I did some more work with the table driven move generation thing and managed do some more improvement.
Here are the ideas:
1. Pawn attack masks are hashed per two ranks, which means you require 16 bits for two ranks. Captures are excluded because capture attack masks are sparsely populated, and need to be separately hashed. Here's the pseudocode for white (note that I'm using uint16_t for indexing):
Code: Select all
uint16_t pawn_attacks_rank_3_4_idx = (single_pushes | double_pushes) >> 16;
uint16_t pawn_attacks_rank_5_6_idx = single_pushes >> 32;
uint16_t pawn_attacks_rank_7_8_idx = (single_pushes | non_cap_promotion) >> 48;
add_moves(PawnHashTable1[WHITE][pawn_attacks_rank_3_4_idx]);
// ...
Table sizes
---
For pawn attacks masks on rank 3 and 4, max possible moves are 16, so the table size is ~4.35MB.
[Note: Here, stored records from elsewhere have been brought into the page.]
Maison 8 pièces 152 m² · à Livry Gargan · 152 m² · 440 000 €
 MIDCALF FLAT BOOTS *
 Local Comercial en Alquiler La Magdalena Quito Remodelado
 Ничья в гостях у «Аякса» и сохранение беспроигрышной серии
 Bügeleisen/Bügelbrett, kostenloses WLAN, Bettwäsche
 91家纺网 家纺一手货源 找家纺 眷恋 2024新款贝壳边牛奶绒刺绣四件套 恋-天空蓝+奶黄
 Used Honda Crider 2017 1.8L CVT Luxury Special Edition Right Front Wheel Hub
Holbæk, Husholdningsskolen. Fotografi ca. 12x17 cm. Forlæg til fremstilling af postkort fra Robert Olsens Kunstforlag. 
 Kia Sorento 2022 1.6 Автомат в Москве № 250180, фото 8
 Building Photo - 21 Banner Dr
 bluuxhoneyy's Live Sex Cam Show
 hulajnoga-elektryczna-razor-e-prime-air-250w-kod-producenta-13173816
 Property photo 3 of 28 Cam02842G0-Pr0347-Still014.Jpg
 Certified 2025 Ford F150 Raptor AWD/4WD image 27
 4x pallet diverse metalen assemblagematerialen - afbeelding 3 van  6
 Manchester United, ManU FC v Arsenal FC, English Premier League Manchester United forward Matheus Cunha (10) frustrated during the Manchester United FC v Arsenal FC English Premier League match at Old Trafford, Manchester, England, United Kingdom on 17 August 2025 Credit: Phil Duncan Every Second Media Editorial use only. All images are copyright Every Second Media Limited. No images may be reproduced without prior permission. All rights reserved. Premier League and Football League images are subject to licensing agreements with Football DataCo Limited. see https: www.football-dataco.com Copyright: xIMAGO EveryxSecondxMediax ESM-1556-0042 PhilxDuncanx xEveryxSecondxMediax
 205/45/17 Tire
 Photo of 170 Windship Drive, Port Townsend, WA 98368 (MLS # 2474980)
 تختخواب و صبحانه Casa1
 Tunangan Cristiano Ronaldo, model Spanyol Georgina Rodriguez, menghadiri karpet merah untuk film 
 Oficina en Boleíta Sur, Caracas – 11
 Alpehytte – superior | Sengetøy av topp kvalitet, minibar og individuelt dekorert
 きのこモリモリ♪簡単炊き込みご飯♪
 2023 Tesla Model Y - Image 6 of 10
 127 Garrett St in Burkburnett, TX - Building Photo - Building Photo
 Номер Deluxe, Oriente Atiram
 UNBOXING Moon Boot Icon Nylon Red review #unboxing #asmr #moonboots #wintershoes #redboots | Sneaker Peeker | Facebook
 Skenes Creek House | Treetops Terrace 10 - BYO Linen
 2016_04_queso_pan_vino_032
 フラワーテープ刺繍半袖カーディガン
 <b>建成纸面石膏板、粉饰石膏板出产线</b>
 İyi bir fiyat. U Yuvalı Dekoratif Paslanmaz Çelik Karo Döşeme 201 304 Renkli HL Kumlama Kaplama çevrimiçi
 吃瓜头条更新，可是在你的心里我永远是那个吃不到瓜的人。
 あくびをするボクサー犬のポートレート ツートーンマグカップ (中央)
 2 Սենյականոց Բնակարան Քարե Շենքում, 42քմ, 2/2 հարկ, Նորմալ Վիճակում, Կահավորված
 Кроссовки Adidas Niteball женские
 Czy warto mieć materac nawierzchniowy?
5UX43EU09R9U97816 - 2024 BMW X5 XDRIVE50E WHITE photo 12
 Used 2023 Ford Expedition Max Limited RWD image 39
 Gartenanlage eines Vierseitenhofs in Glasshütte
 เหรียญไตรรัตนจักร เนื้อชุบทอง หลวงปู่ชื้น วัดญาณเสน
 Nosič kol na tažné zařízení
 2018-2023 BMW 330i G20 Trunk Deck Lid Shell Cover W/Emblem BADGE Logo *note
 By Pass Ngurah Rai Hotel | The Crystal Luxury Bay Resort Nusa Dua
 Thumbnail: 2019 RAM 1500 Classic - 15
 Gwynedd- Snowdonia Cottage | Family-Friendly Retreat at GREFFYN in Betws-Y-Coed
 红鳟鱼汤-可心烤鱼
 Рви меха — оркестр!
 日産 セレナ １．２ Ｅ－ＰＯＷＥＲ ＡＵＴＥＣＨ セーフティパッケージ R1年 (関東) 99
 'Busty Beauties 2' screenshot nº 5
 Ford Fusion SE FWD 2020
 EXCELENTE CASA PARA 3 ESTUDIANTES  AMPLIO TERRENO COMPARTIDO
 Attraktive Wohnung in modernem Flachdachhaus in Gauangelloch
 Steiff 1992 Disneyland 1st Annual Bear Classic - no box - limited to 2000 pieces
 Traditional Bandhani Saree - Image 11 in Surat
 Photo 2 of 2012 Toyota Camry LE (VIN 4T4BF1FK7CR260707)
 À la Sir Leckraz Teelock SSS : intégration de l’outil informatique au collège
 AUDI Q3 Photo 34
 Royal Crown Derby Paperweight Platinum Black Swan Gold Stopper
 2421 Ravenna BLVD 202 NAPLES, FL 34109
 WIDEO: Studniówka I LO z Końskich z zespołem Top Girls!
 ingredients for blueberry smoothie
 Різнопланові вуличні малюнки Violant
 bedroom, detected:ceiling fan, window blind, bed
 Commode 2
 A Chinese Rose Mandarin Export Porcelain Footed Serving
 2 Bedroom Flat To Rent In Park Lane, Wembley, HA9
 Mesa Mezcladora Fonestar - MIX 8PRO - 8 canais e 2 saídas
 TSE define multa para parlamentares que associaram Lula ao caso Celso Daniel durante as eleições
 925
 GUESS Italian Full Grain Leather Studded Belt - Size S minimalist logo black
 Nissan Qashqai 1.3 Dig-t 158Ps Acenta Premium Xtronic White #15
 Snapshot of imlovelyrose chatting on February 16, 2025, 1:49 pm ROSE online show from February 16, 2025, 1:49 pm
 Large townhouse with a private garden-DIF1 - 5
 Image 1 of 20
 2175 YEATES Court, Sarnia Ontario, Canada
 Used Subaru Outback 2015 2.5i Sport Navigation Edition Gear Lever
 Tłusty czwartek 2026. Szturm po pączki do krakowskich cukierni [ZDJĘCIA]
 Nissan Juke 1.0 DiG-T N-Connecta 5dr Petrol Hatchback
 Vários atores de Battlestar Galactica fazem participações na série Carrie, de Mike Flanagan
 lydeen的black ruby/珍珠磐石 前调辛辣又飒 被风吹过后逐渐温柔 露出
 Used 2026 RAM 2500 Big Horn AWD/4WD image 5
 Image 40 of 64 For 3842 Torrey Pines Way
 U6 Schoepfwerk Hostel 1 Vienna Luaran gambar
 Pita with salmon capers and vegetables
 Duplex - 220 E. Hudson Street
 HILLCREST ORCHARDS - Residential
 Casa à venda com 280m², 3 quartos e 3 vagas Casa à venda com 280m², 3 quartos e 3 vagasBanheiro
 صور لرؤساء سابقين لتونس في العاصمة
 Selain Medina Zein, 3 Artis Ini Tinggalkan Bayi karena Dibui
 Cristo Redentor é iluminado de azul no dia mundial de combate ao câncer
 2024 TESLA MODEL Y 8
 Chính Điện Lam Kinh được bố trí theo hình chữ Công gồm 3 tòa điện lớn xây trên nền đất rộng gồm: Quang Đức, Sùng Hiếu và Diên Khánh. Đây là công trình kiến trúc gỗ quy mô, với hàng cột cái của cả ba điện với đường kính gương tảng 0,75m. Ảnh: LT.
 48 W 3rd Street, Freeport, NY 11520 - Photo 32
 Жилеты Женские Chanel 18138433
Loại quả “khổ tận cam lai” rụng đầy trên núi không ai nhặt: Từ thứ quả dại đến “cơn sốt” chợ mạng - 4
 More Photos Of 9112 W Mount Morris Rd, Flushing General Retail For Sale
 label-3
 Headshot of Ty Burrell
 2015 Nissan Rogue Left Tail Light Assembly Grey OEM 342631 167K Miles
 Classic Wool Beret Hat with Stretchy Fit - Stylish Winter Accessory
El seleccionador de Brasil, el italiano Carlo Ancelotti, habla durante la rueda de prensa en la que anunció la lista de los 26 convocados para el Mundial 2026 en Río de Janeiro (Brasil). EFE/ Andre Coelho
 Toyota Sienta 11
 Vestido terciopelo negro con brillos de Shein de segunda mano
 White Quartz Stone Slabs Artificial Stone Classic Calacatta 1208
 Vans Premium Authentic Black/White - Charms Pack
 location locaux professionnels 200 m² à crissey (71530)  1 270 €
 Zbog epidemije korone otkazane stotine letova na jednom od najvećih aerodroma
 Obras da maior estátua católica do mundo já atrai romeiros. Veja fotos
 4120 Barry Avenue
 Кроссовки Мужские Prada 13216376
For pawn attacks masks on rank 5 and 6, max possible moves are 8, so the table size is ~2.25MB.
For pawn attacks masks on rank 7 and 8, max possible moves are 32, so the table size is ~8.25MB.
Therefore the total table size of the three tables amounts to ~14.75MB.
Table sizes can be drastically brought down by using additional redirection to allocate only the required memory for each movelist.
Results
---
I must say, table-driven move generation paid off more than I expected it to. With no other changes in the source code except using this technique (and using movelists for knights and sliders as well), I got a 25-30% speedup compared to my implementation of magic bitboards, when there are all pawns on the board. The speedup also touched 39% for some positions! Of course you can test for yourself, the source code and a lot of test positions are provided.
I also want you to note how 32-bit friendly this approach is, since there are no multiplications involved, and the shifts are quite 32-bit friendly as well. It'd be interesting to test this technique for 32-bits and see the results.
Source Code
---
Here you go: https://sites.google.com/site/sydfhd/projects/yaka
Download the file "YakaPawnMoveLists.zip", be careful because there are some similar looking names.
See files attacks.cpp (lines 62-173) for initialization code, and also movegen.h (lines 216-288) for seeing it all in action.
Also, you can go "bench 6 ToughGuys ToughGuysOut.txt" in each executable to test the speed.
Postscript
---
Be alarmed people, there is something seriously faster than magic bitboards in town!